Il futurismo fu il primo movimento a dichiarare che la classicità non andava più bene. I futuristi capiscono l’importanza delle idee cubiste di Picasso. Partono dal carattere tipografico.
Marinetti: poeta capisce che deve pubblicizzare le sue idee se vuole che si diffondano, e il modo migliore è la parola scritta nei manifesti pubblicitari. Non la parola semplice, ma una parola che risponde alla forza, velocità, rumore, potenza. Il carattere è quindi il mezzo ideale per esprimere tutte queste sensazioni. Rottura della tradizione attraverso il carattere.
Opere e manifesti di Marinetti e altri futuristi:
- Buzzi, bombardamento aereo.
- Cangiullo, Piedigrotta.
- Marinetti.
- Marinetti, manifesto 1913: esplicita la personale rivoluzione tipografica.
- Marinetti, Zang Tumb Tumb: frontespizio della battaglia di Adrianopoli: usa caratteri diversi con corpo diverso. La parola e le immagini sono una cosa sola per Marinetti; per lui l’immagine non è un’immagine ma è il carattere. Con Marinetti si passa dalla tipografia ornamentale alla tipografia multifunzionale che non si limita più a dire le cose, ma le illustra e le fa sentire. Le parole devono emozionare, le parole in libertà come strumento di comunicazione.
- Depero: rilega un libro con delle viti, non adatte per rilegare un libro.
Dadaismo
Nasce poco dopo il futurismo e gli è un po’ debitore. Il nome dada non significa nulla, nonsense. Il dada nasce contro la brutalità della guerra (cosa che invece non era presente nel futurismo). Il caso domina nelle opere dadaiste. Ma è un caso cercato, non a caso.
- Grosz/Heartfield, paese di sole: l’emotività viene fuori in modo naturale, c’è un disordine non assoluto, è apparentemente disordinato. È un disordine organizzato e armonico.
Nel dadaismo lo scarto è perfetto, dà il senso della violenza e dell’anti estetica, a vantaggio dell’impatto.
- Ricorda Mallarmè.
- Hanna Hoch: tagliato con coltello da cucina.
- Heartfield: copertina per Der Dada, regola è osare la sperimentazione accumulativa dei grafismi.
Costruttivismo
Contemporaneamente i fratelli Burljuk: tragedia di Vladimir Majakovskij: l’impaginazione si allontana dalla convenzionalità del periodo anticipando il costruttivismo: caratteri grandi e caratteri piccoli, spazi vuoti e spazi pieni. Costruttivismo più marcato: Rodchenko, con lui il costruttivismo rinuncia alla totale disorganizzazione, la rottura di organizza. Rodchenko dice che non bisogna più sottostare a delle regole.

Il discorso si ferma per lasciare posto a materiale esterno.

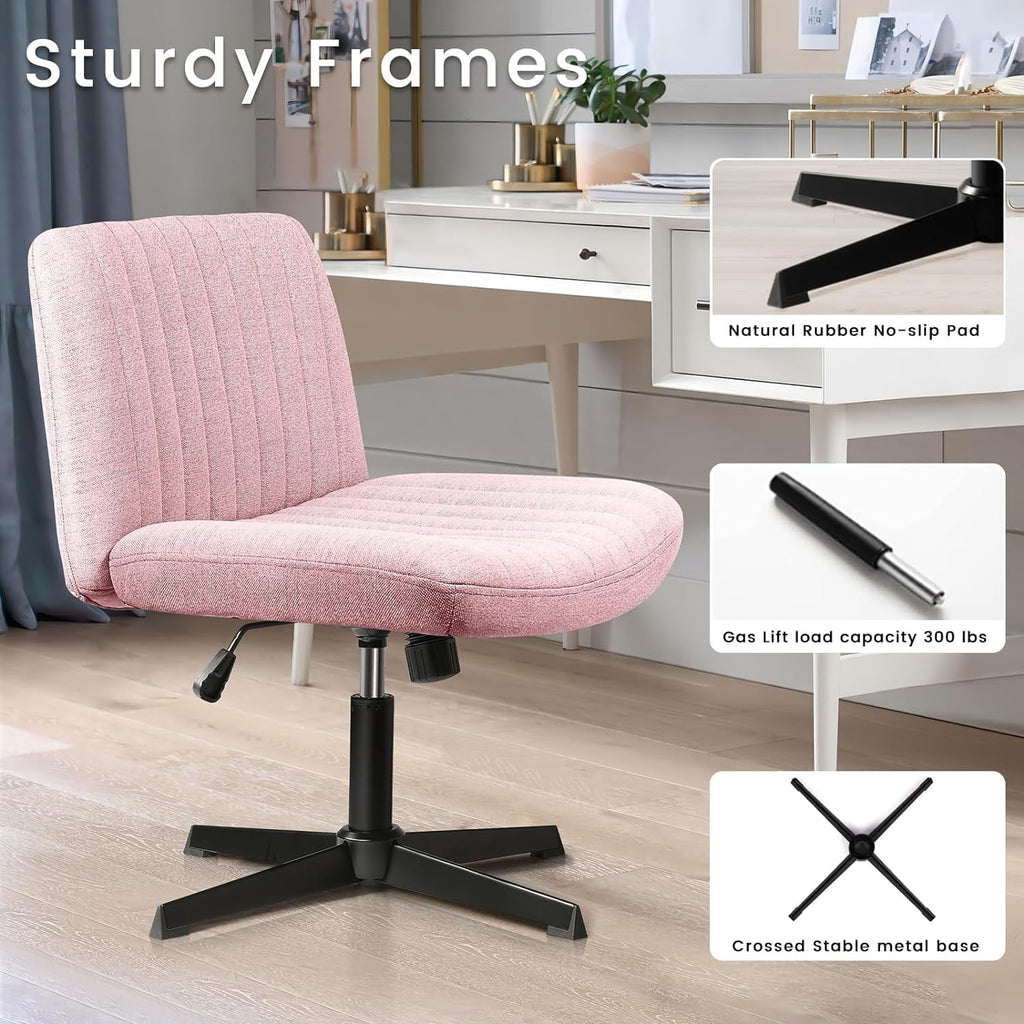 BOSSIN Criss Cross Chair Armless Office Desk Chair No Wheels,Fabric Padded Modern Swivel Vanity Chair office chair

Opere moderne ispirate a futurismo, dadaismo e costruttivismo:
- Frost, Zembla: costruttivismo e futurismo.
- Venezky, speak: dadaismo.
- Leslie, m-real: dadaismo perché si evidenzia il processo.
- Ruprecht, soda.
- Barnbrook, adbuster.
- Carson, ray gun.
- Brody, the face.
- Ellis e Davis, the illustrated apes.
- Venezky, speak.
- Lappi, illustrazioni.
Lezione 3
Mesotes: equilibrio.
In contemporanea al caos del futurismo, c’era anche un equilibrio progettuale nella rivista “Risorgimento grafico”. Rivista mensile d’arte applicata al libro e alla pubblicità diretta da Raffaello Bertieri, propone di recuperare la tipografia rinascimentale partendo ovviamente dal carattere. Egli progetta i caratteri: Landi, Sinibaldi, Ruano, è filo bodoniano. Vuole elevare il livello della cultura dei tecnici, indirizzare verso il classicismo con i principi di armonia, semplicità, eleganza, simmetria e decoro. Sostiene l’equilibrio tipografico rinascimentale. È in antitesi con il futurismo e con la rivista “Campo Grafico”. I caratteri che crea riprendono l’antico romano e greco. L’impaginazione segue la sezione aurea della classicità, con una o due colonne, il principio è la simmetria. Bertieri sostiene che le pubblicità inquinano e quindi devono andare solo in determinati punti, e distinta dal testo.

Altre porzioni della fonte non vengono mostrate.